Ed infine, ma solo in ordine cronologico, in settimo errore capitale, e quindi quello compiuto questa volta in prima persona da Andrea Agnelli nell’affidare questa squadra 'inallenabile' ad un aspirante allenatore come Andrea Pirlo. Atto di grave superbia, arroganza, con il quale probabilmente si voleva dimostrare che questa squadra avrebbe vinto anche senza essere allenata. Peccato però che la stagione in corso, con il triste epilogo di queste ultime settimane stia dimostrando l’esatto contrario. Un gruppo totalmente allo sbando, paragonabile ad una barchetta che sta navigando nelle acque mosse di un oceano senza alcun timoniere a bordo. Una squadra senza la minima idea di gioco con un allenatore totalmente in balia degli eventi, in piena confusione, che nella gara di domenica sera opera soltanto due cambi sui cinque possibili ed inserisce Paulo Dybala, unico giocatore in grado di creare gioco e occasioni gola sulla trequarti, solo al 79° minuto di gioco.

E ora?
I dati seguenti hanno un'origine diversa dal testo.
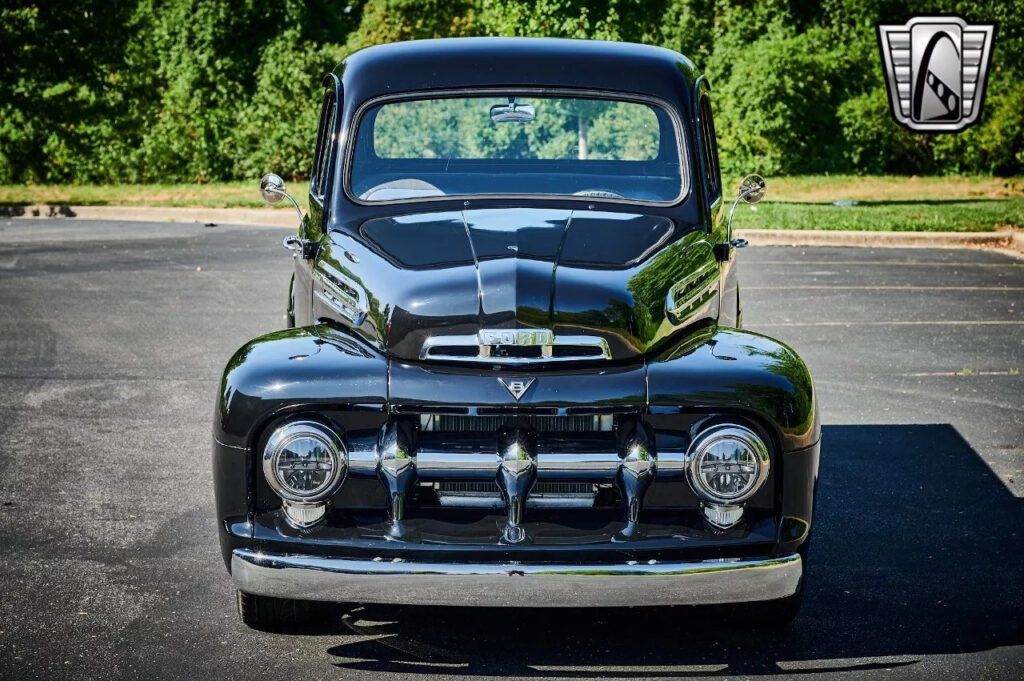 1951 Ford F2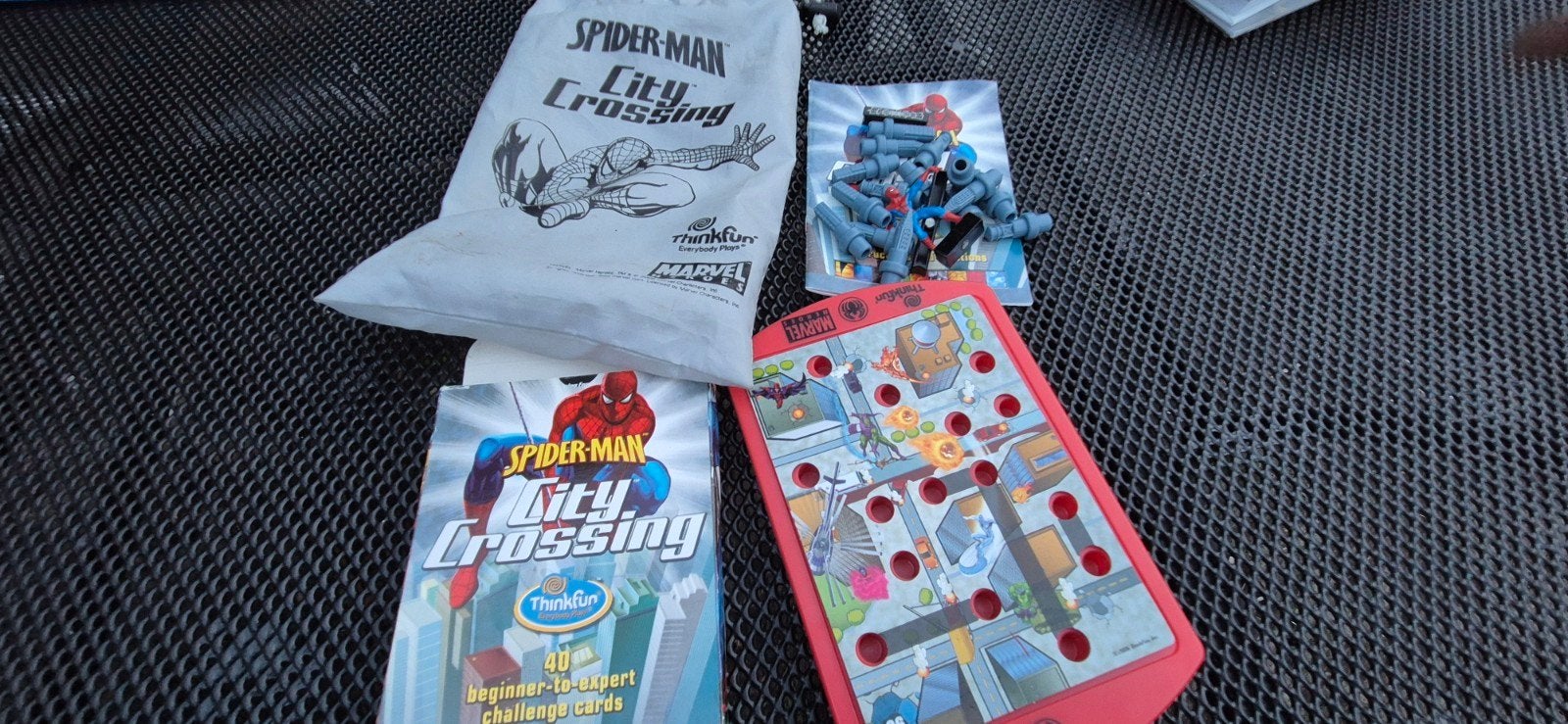 Spider-Man City Crossing Denkspel - Compleet, Ophalen of Verzenden, Gebruikt, Jongen of Meisje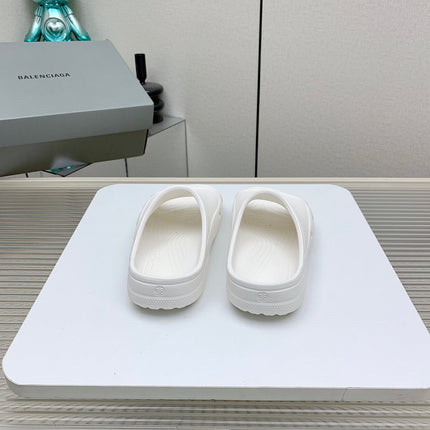 POOL CROCS IN WHITE RUBBER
Ora vedremo cosa succederà.
A partire dalla sorte di Andrea Pirlo, per proseguire con le imminenti sfide contro Sassuolo e Inter, per arrivare alla data del 27 maggio, con l’assemblea degli azionisti di Exor (la holding di famiglia che controlla tra le altre la società bianconera) che potrebbe rappresentare la data chiave per capire quale sarà il futuro di Andrea Agnelli, Fabio Paratici, Pavel Nedved, e Andrea Pirlo.
Il tutto dopo il caos generatosi dal naufragio del progetto Superlega e dagli eventi di questi ultimi giorni che vedono la squadra bianconera sempre più fuori dalla prossima edizione della Champions League.